When I load the 2 stage I use a set of folding 7' ramps. I had a Dodge dually so it was quite high. In is easy, taking it out you have to be carefull it doesn't come down the ramp to fast. Your truck should be lower so the angle of the ramp will be less.


----------



## mcwlandscaping

When i used to use a snowblower, it would go in the back of a truck w/ ramps. On some storms the piles on the side of the road were big enough so that we would back right up to them and pull the snowblower out into the pile (ramps are dangerous!) and then drive the blower out of the pile...it worked great!

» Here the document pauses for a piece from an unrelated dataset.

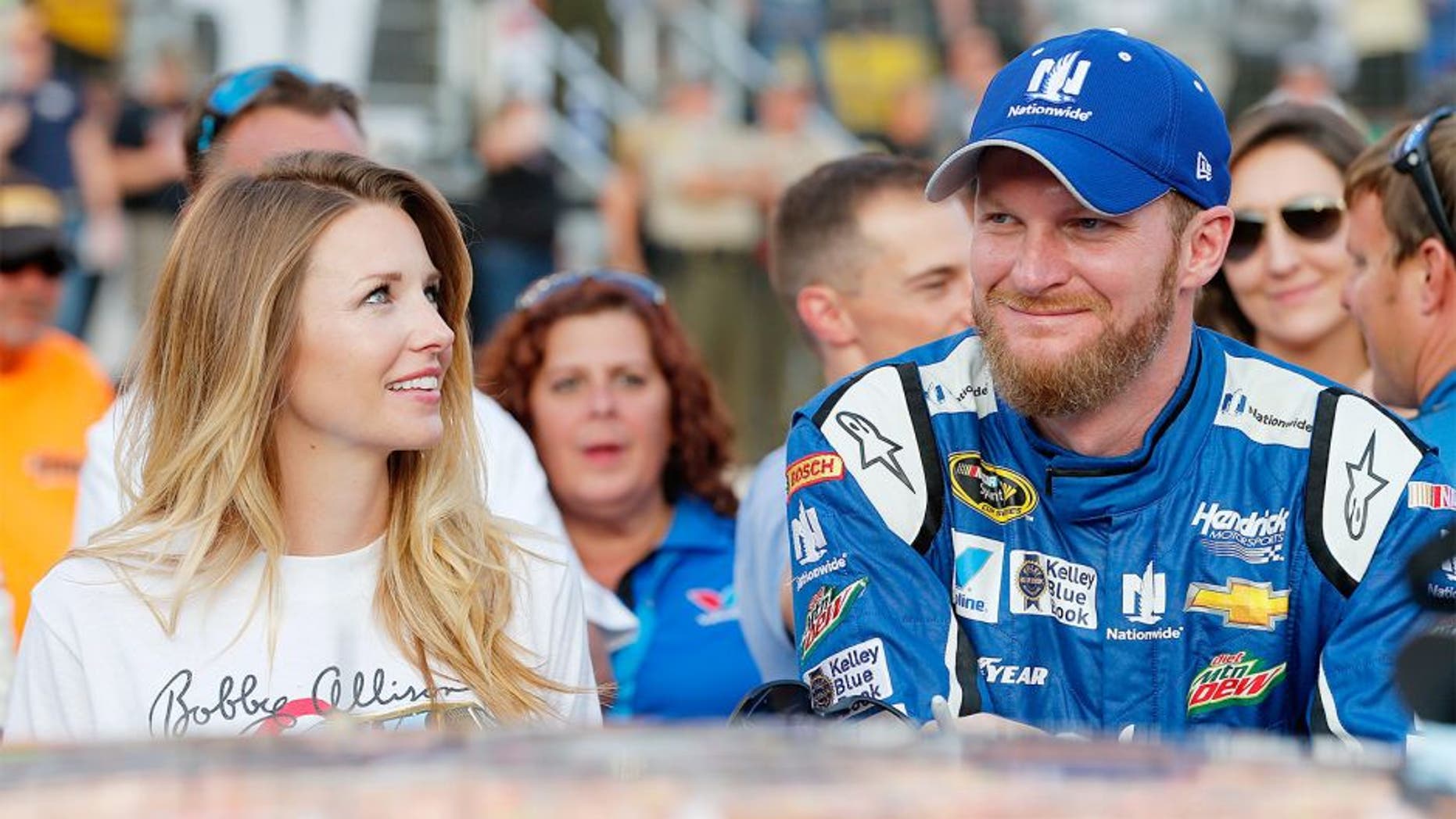 BRISTOL, TN - AUGUST 22: Dale Earnhardt Jr., driver of the #88 Nationwide Chevrolet, stands on the grid with his fiance, Amy Reimann, prior to the NASCAR Sprint Cup Series IRWIN Tools Night Race at Bristol Motor Speedway on August 22, 2015 in Bristol, Tennessee. (Photo by Brian Lawdermilk/Getty Images)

The next blower will just be a toro single stage so i can lift it in and out on my own w/o help.


----------



## Ole Tower

*Best WAY toLoad & Unload BLOWERS?*

NCWLandscaping said IT--as Ramps are a PITA--I have used the Same Methord He suggested for Yrs! Just back UP to any High Snow Bank & Off load your Blower--same DEAL on Loading IT--You may? have to shovel a little to Get it Nice & level for Easy loading--but It sure Beats RAMPS!--Ole Tower--


----------



## SnoFarmer

Ole Tower;405580 said:


> NCWLandscaping said IT--as Ramps are a PITA--I have used the Same Methord He suggested for Yrs! Just back UP to any High Snow Bank & Off load your Blower--same DEAL on Loading IT--You may? have to shovel a little to Get it Nice & level for Easy loading--but It sure Beats RAMPS!--Ole Tower--


There would have to be a snow bank first.
Snow banks rarely work . 
There never hard enough to run the snow-blower up on to.
Next, Are you going to take the time to shovel your self a loading dock?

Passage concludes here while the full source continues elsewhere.